** Data to process follows **

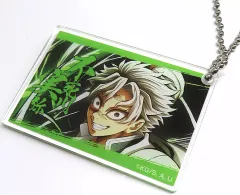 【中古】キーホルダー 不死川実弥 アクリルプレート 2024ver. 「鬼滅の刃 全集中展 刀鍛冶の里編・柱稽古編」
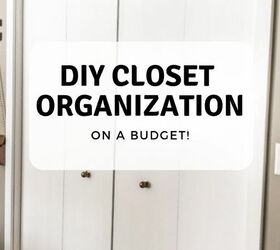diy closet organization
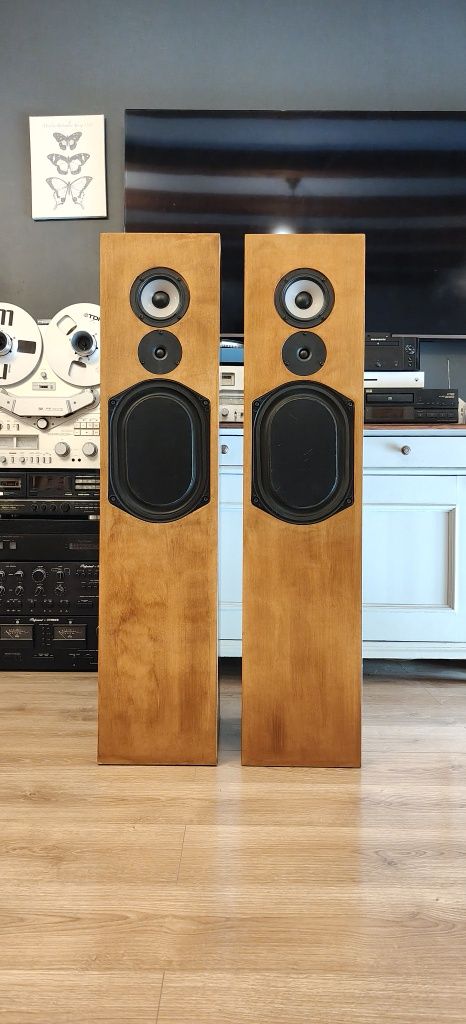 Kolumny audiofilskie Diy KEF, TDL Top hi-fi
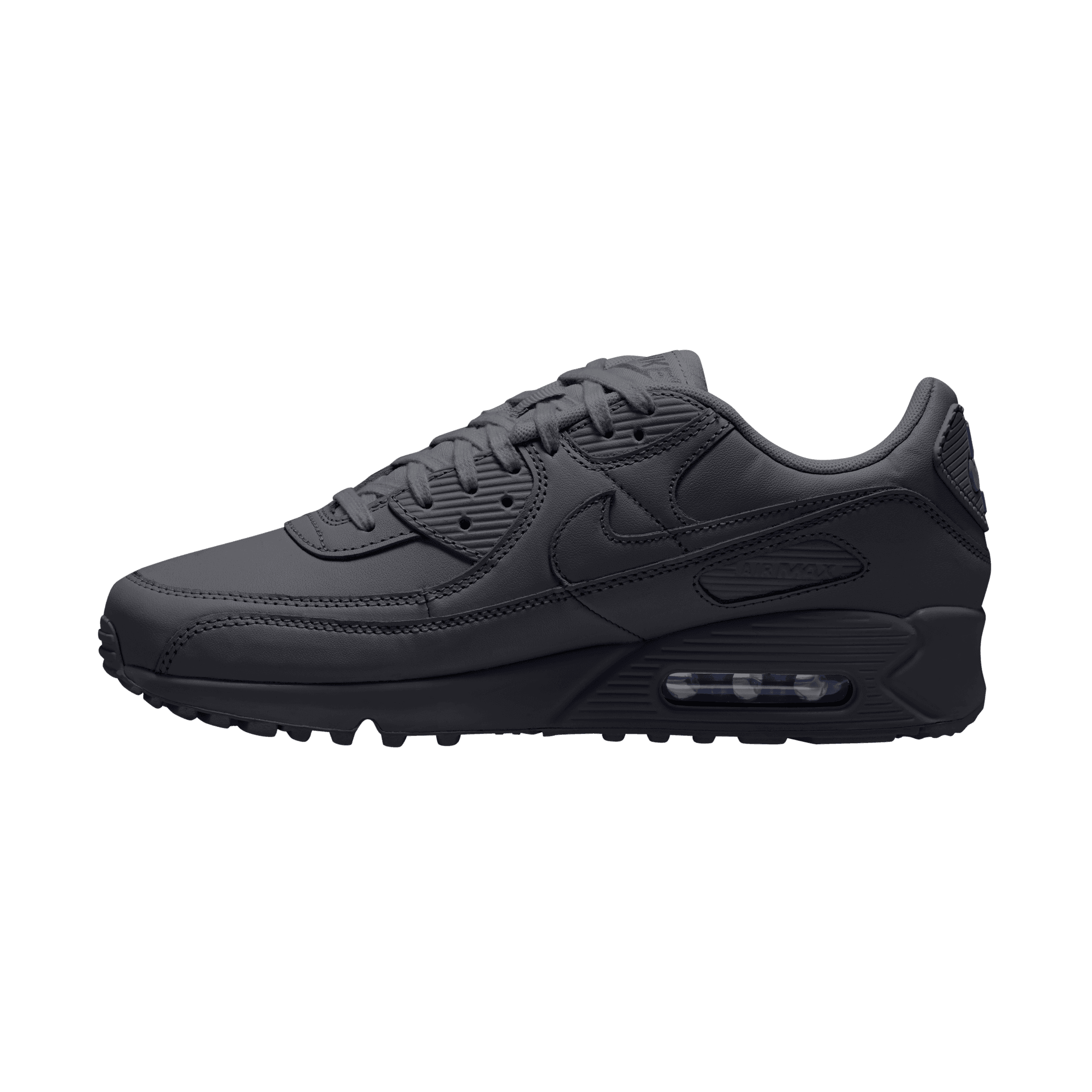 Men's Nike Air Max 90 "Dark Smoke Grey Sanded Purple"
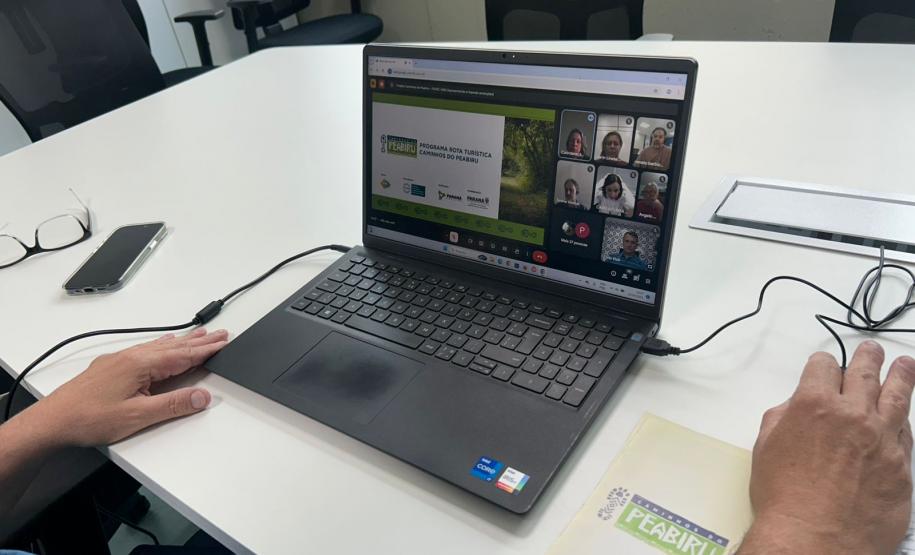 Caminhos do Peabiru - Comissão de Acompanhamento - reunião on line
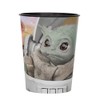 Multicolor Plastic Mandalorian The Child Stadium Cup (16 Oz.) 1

** End of Data to process **
** Data to process follows **

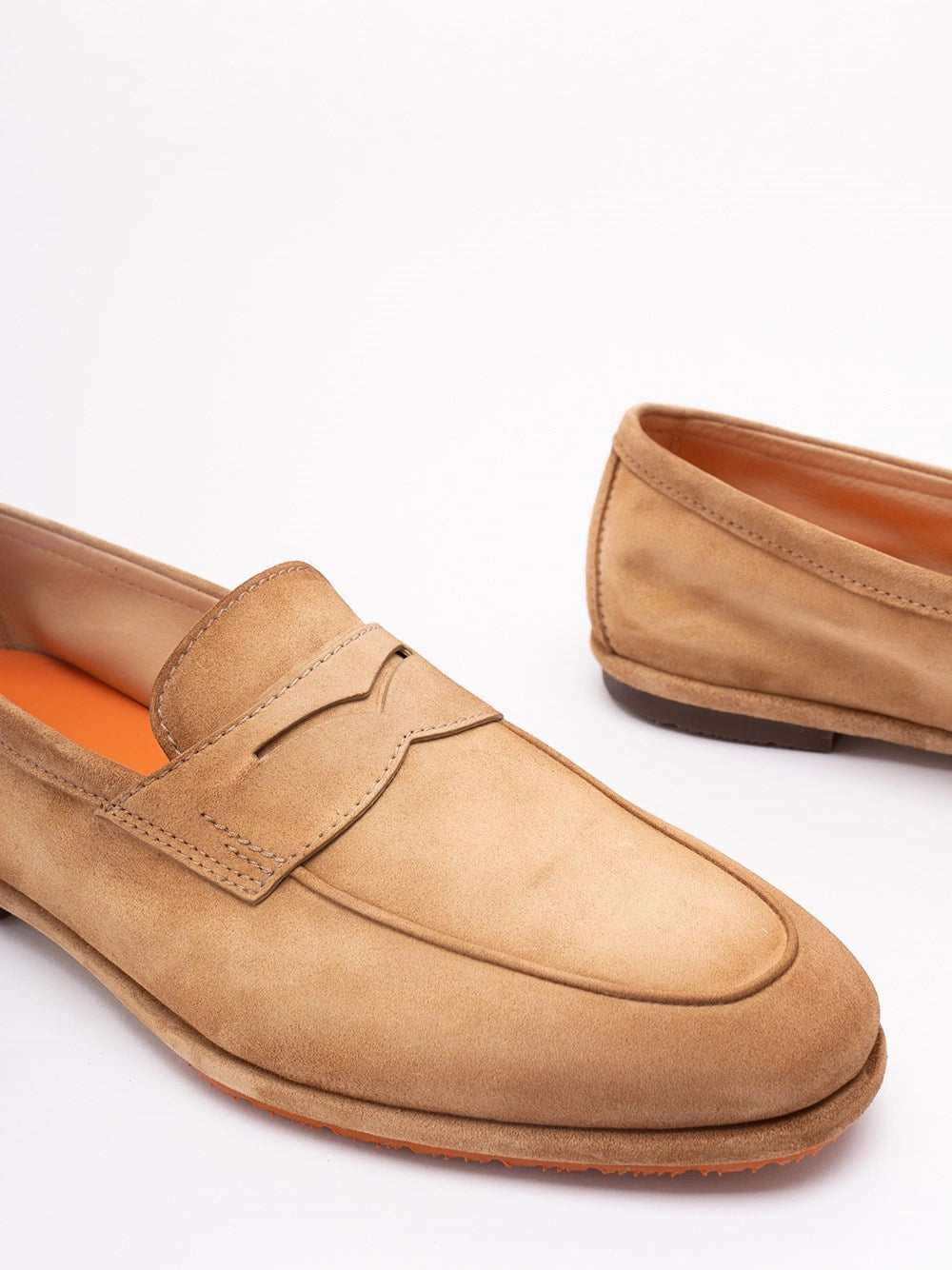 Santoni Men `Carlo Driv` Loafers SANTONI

** End of Data to process **

Restate word for word every line from the one with "2024ver. 「鬼滅の刃 全集中展 刀鍛冶の里編・柱稽古編」" up to and including the one with "Multicolor Plastic Mandalorian" in the records above, minus the pictures.

 【中古】キーホルダー 不死川実弥 アクリルプレート 2024ver. 「鬼滅の刃 全集中展 刀鍛冶の里編・柱稽古編」
diy closet organization
 Kolumny audiofilskie Diy KEF, TDL Top hi-fi
 Men's Nike Air Max 90 "Dark Smoke Grey Sanded Purple"
 Caminhos do Peabiru - Comissão de Acompanhamento - reunião on line
 Multicolor Plastic Mandalorian The Child Stadium Cup (16 Oz.) 1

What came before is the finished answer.